We Got the Neutron Bomb: The Untold Story of L.A. Punk
- Author: Marc Spitz, Brendan Mullen
- Language: English
- Subject: Music
- Publisher: Three Rivers Press
- Publication date: November 13, 2001
- Publication place: United States
- Media type: Print (paperback)
- Pages: 296
- ISBN: 978-0-609-80774-3
- Preceded by: Too Much, Too Late
- Followed by: Nobody Likes You: Inside the Turbulent Life, Times and Music of Green Day

= We Got the Neutron Bomb =

2001 book by Marc Spitz and Brendan Mullen

We Got the Neutron Bomb: The Untold Story of LA Punk is an oral history of the Los Angeles punk scene written by Marc Spitz and Brendan Mullen. It was released in 2001 by Three Rivers Press.

The story begins around 1971 with an exploration of the impact that the UK glam rock scene was having on American rock at the time, specifically through the efforts of promoter Rodney Bingenheimer to help sell David Bowie to the American public. There is then an examination of the impact of various bands that were contemporaneous at the time, including The Stooges and The New York Dolls before looking at the roles of bands and key figures that followed including The Screamers, Devo, X, Black Randy, Kim Fowley, Darby Crash, The Go-Go's, The Cramps, Black Flag, Los Lobos, Agent Orange and Social Distortion.

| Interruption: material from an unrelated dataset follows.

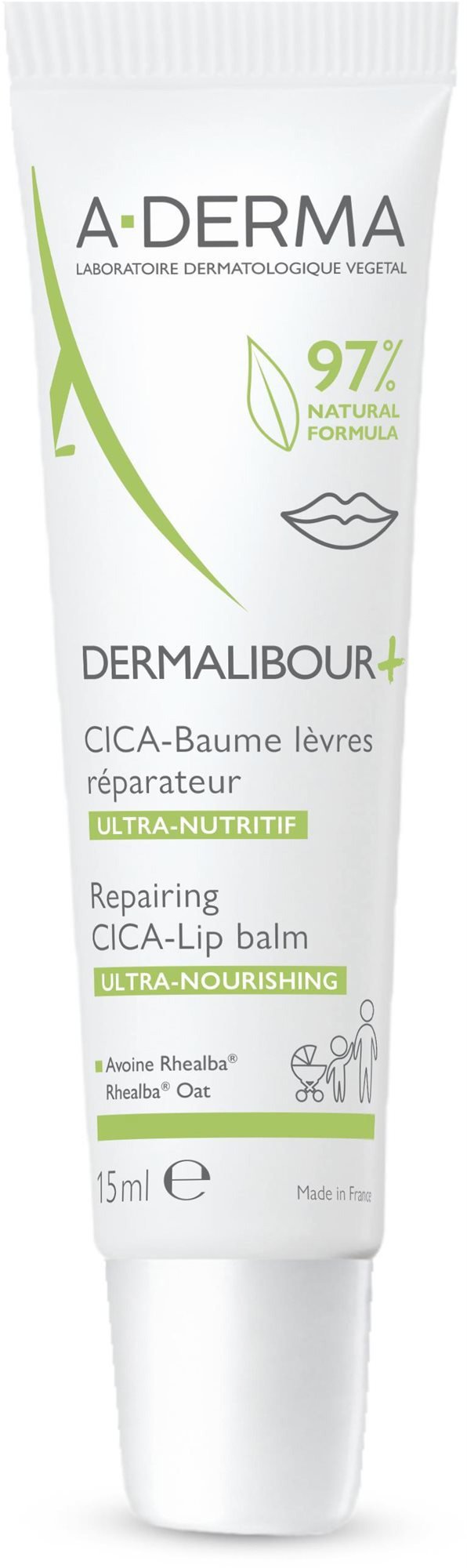 A-DERMA Dermalibour+ Regeneráló CICA-Ajakbalzsam 15 ml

The book finishes around 1981 with the perceived 'selling out' of the LA punk scene, including The Go-Go's having their mainstream breakthrough on MTV, Penelope Spheeris' documentary The Decline of Western Civilization and the death of Darby Crash, foreshadowing in Greg Hetson's words "the dark years of punk" from 1984 to 1990.

==Reception==
Punknews.org gave the book four and a half stars out of five. The Stranger called it "required reading" for those with "interest in L.A.'s budding pre-punk culture, or fringe-music culture in general."